2. Disables local interrupts, saving the previous state of the IF flag.
3. Stores the address of the list pointed to by tasklet_vec[cpu] or tasklet_hi_vec[cpu] in the list local variable.
4. Puts a NULL address in tasklet_vec[cpu] or tasklet_hi_vec[cpu]; thus, the list of scheduled tasklet descriptors is emptied.
5. Enables local interrupts.
6. For each tasklet descriptor in the list pointed to by list:
a. In multiprocessor systems, checks the TASKLET_STATE_RUN flag of the tasklet. If it is set, a tasklet of the same type is already running on another CPU, so the function reinserts the task descriptor in the list pointed to by tasklet_vec[cpu] or tasklet_hi_vec[cpu] and activates the TASKLET_SOFTIRQ or HI_SOFTIRQ softirq again. In this way, execution of the tasklet is deferred until other tasklets of the same type are running on other CPUs.

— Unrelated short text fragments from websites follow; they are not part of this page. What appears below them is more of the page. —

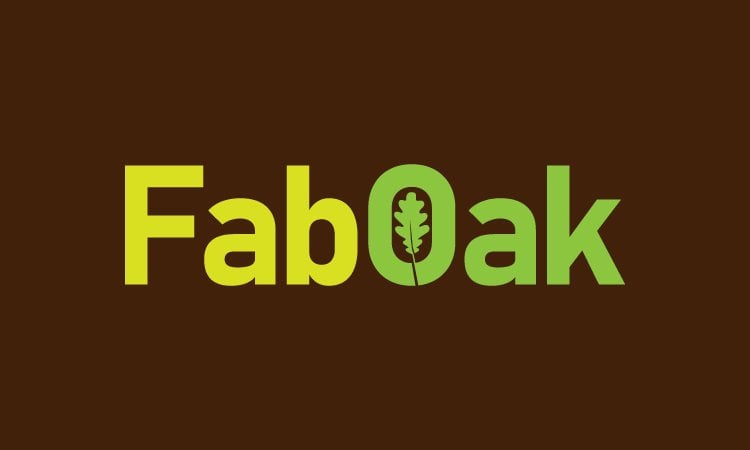 FabOak.com - buy Great premium names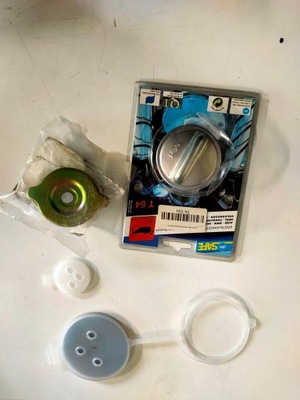 Кришка do бачок фото №1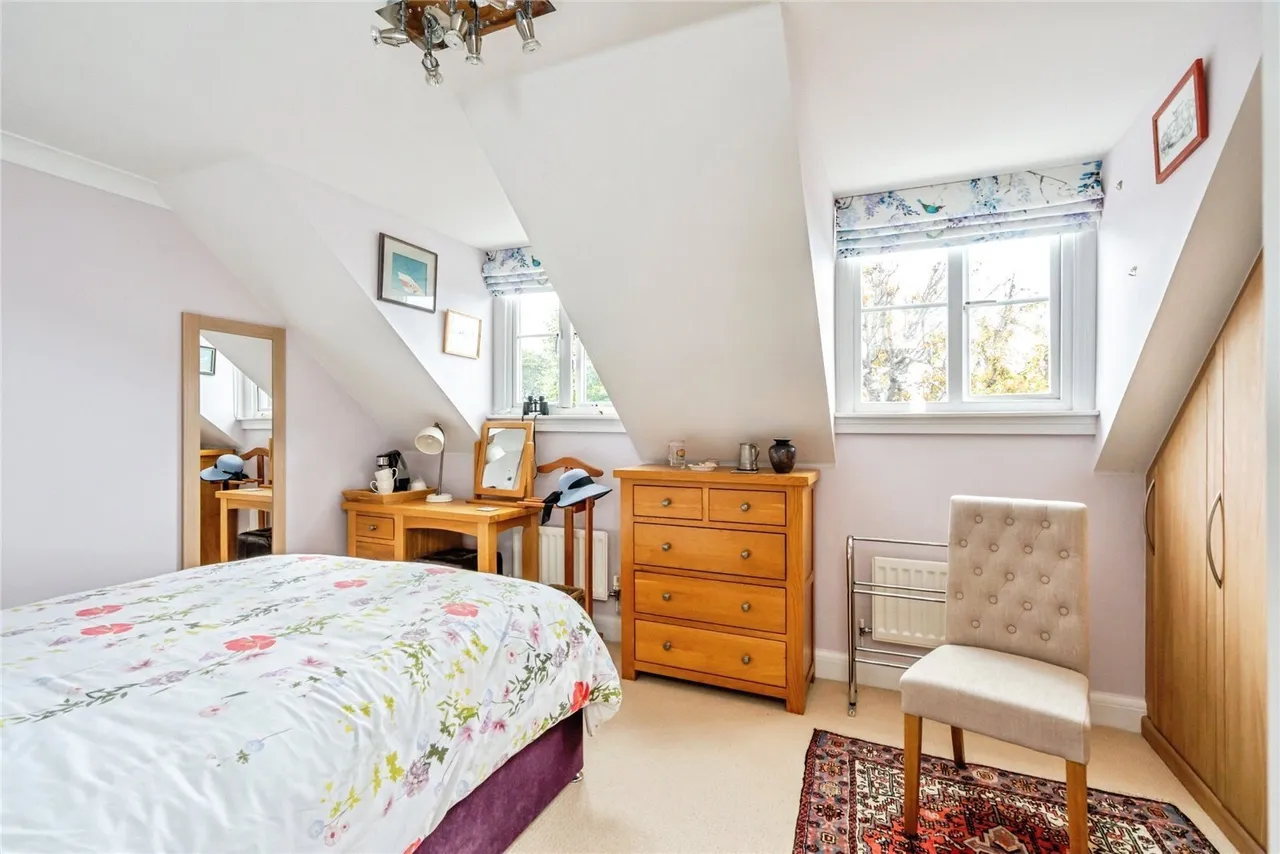 Woodlands Lane, Chichester, PO19, photo 8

b. If the TASKLET_STATE_RUN flag is not set, the tasklet is not running on other CPUs. In multiprocessor systems, the function sets the flag so that the tasklet function cannot be executed on other CPUs.
c. Checks whether the tasklet is disabled by looking at the count field of the tasklet descriptor. If it is disabled, it reinserts the task descriptor in the list pointed to by tasklet_vec[cpu] or tasklet_hi_vec[cpu]; then the function activates the TASKLET_SOFTIRQ or HI_SOFTIRQ softirq again.

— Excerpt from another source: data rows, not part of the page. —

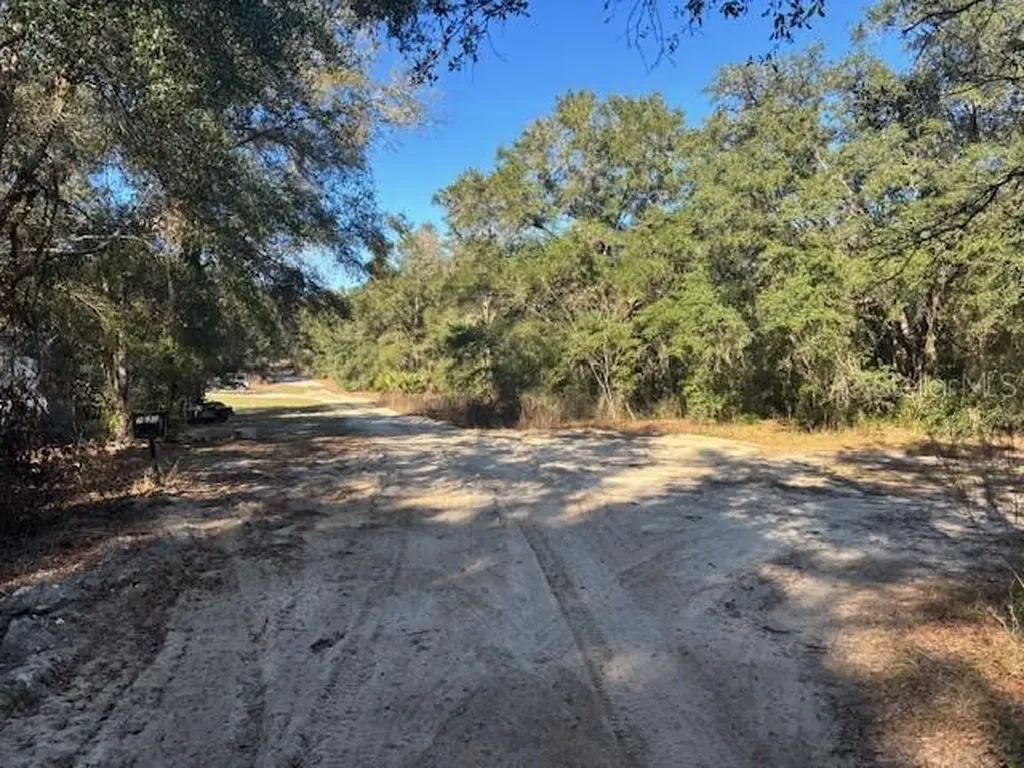0000 NW 56th Terrace Ocala FL 34482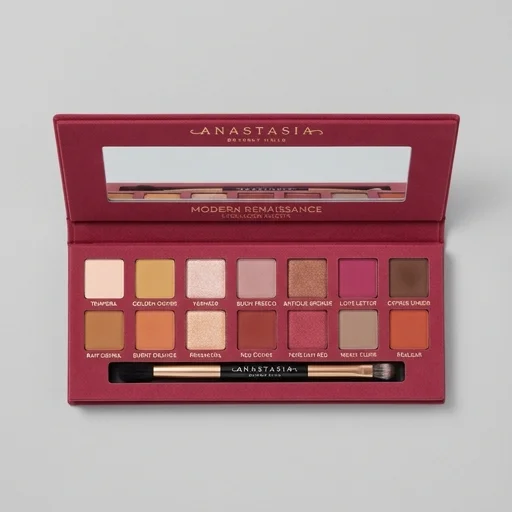 Anastasia Beverly Hills Modern Renaissance Eyeshadow Palette (view 3)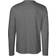 Neutral O61050 Organic Long Sleeve T-shirt - Dark Heather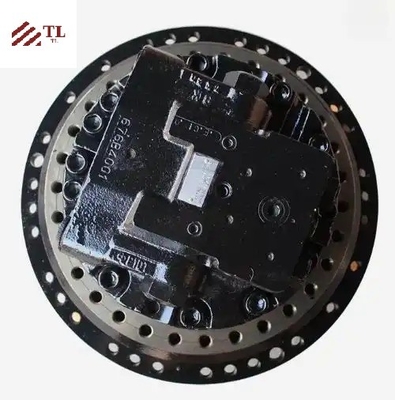 موتور R210LC-7 31N6-40011 31N6-40030 برای پمپ اصلی هیدرولیک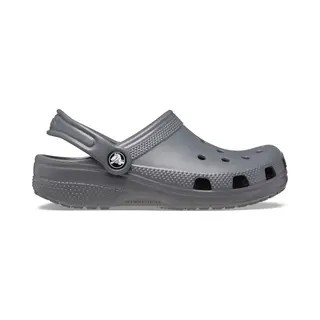 Crocs Open Schoenen 'Classic' Antraciet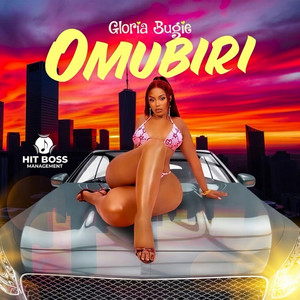 Gloria Bugie - Omubiri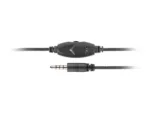 Natec   Headset   Canary Go   Yes   Wired   On-Ear   3.5 mm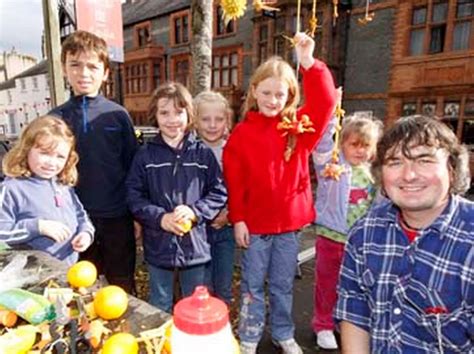 Conwy Feast - North Wales Live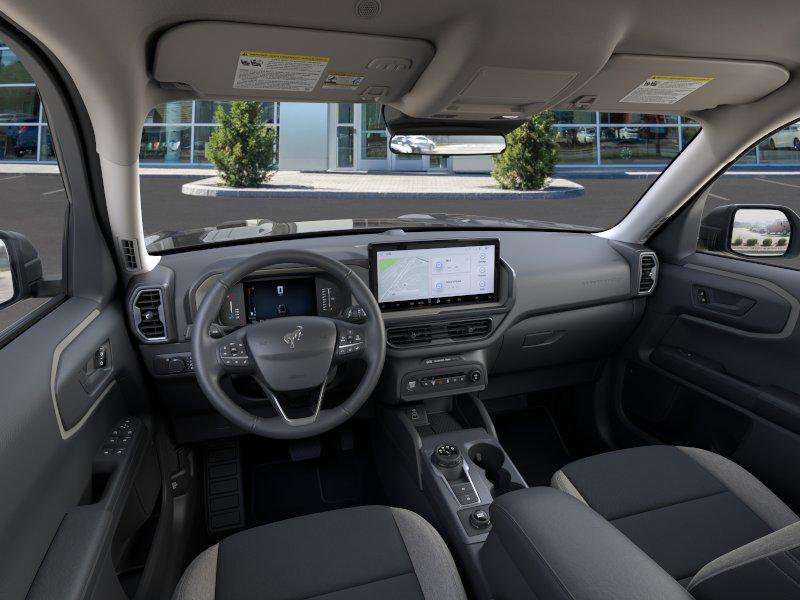 FORD BRONCO SPORT BIG BEND - 9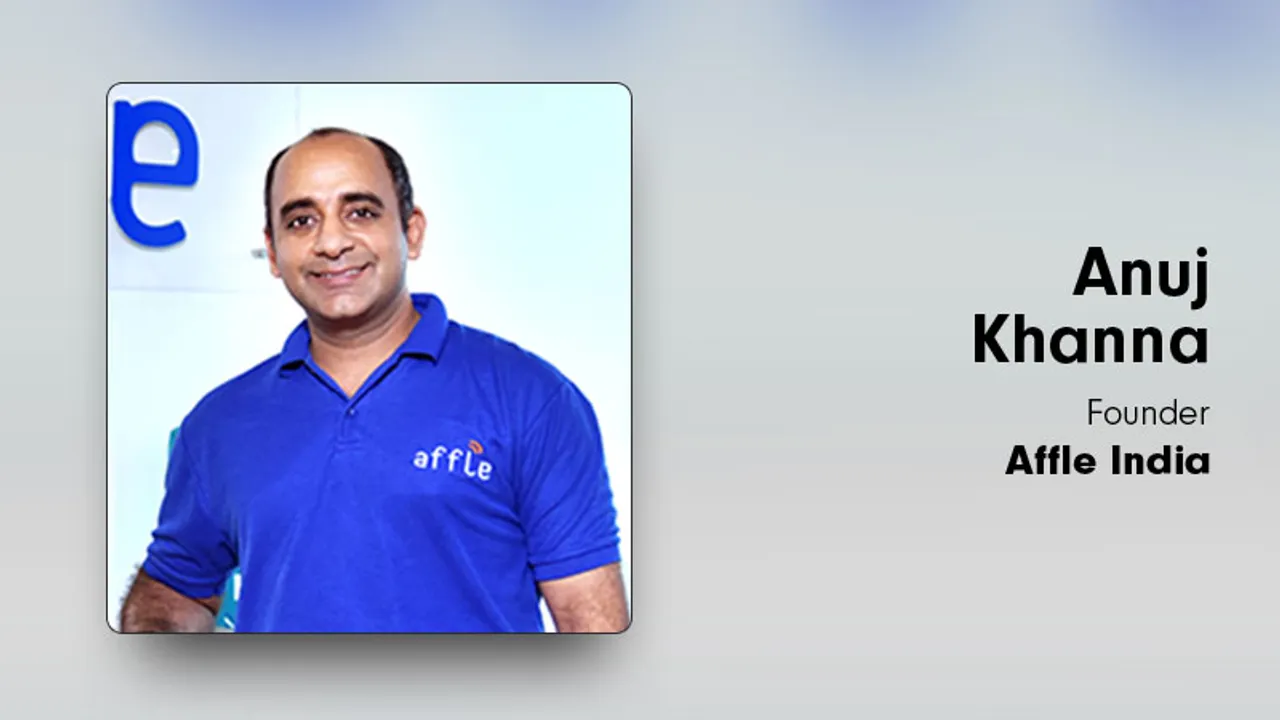 Interview: Anuj Khanna Sohum on Affle’s growth trajectory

d. If the tasklet is enabled, clears the TASKLET_STATE_SCHED flag and executes the tasklet function.
Notice that, unless the tasklet function re-activates itself, every tasklet activation triggers at most one execution of the tasklet function.

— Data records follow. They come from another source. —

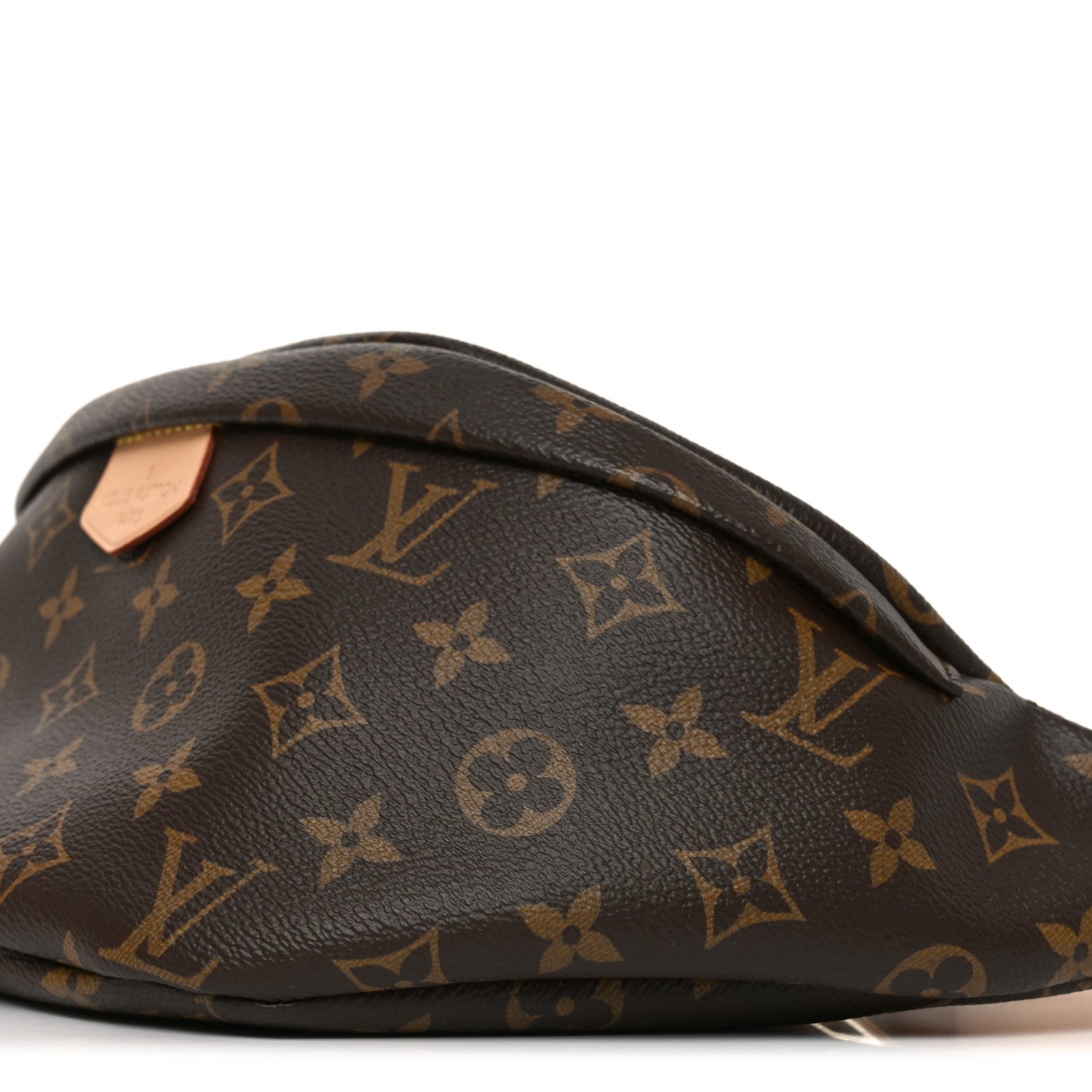 Louis Vuitton Monogram Bumbag 9 of 9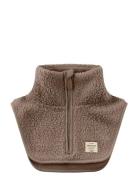 Matakton Teddyfleece Zip Neckwarmer. Grs Accessories Scarves & Neckwar...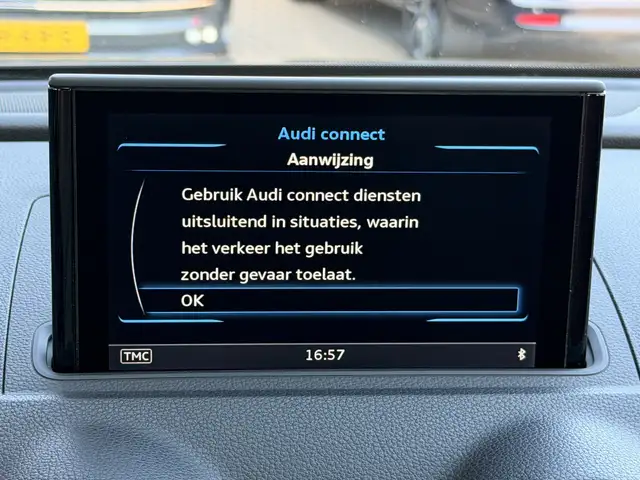 Audi A3 view 27
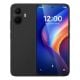 Εικόνα της Smartphone TCL K70 4G Dual Sim 4GB 128GB Midnight Black T522A-2CLCA112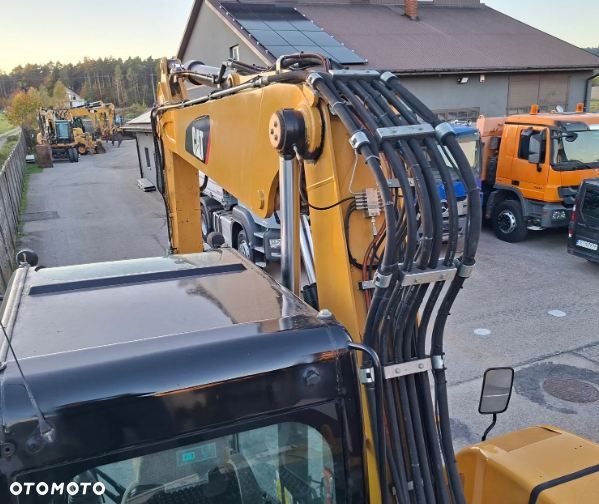 Caterpillar M316D - 7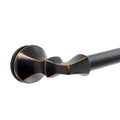 Bronze Handles for Sliding Shower or Bathtub Door M61417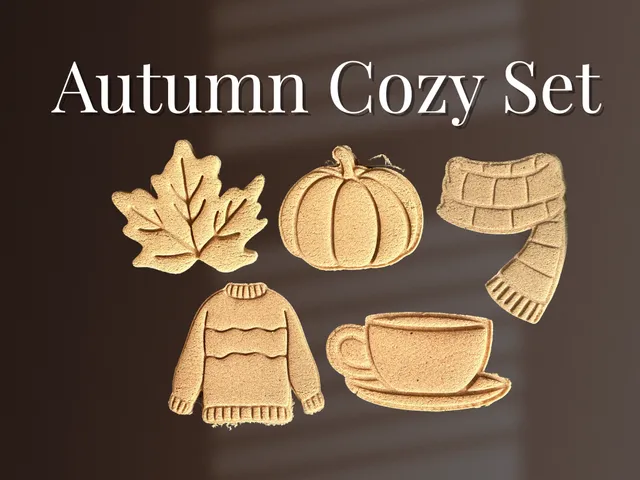 Autumn Cutters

A bottom half is essentially a high-priority tasklet that cannot be executed concurrently with any other bottom half, even if it is of a different type and on another CPU. The global_bh_lock spin lock is used to ensure that at most one bottom half is running.
Linux uses an array called the bh_base table to group all bottom halves together. It is an array of pointers to bottom halves and can include up to 32 entries, one for each type of bottom half. In practice, Linux uses about half of them; the types are listed in Table 4-9. As you can see from the table, some of the bottom halves are associated with hardware devices that are not necessarily installed in the system or that are specific to platforms besides the IBM PC compatible. But TIMER_BH, TQUEUE_BH, SERIAL_BH, and IMMEDIATE_BH still see widespread use. We describe the TQUEUE_BH and IMMEDIATE_BH bottom half later in this chapter and the TIMER_BH bottom half in Chapter 6.
The bh_task_vec array stores 32 tasklet descriptors, one for each bottom half. During kernel initialization, these tasklet descriptors are initialized in the following way:
for (i=0; i<32; ++i)
tasklet_init(bh_task_vec+i, bh_action, i);
As usual, before a bottom half is invoked for the first time, it must be initialized. This is done by invoking init_bh(n, routine), which inserts the routine address as the n th entry of bh_base. Conversely, remove_bh(n) removes the n th bottom half from the table.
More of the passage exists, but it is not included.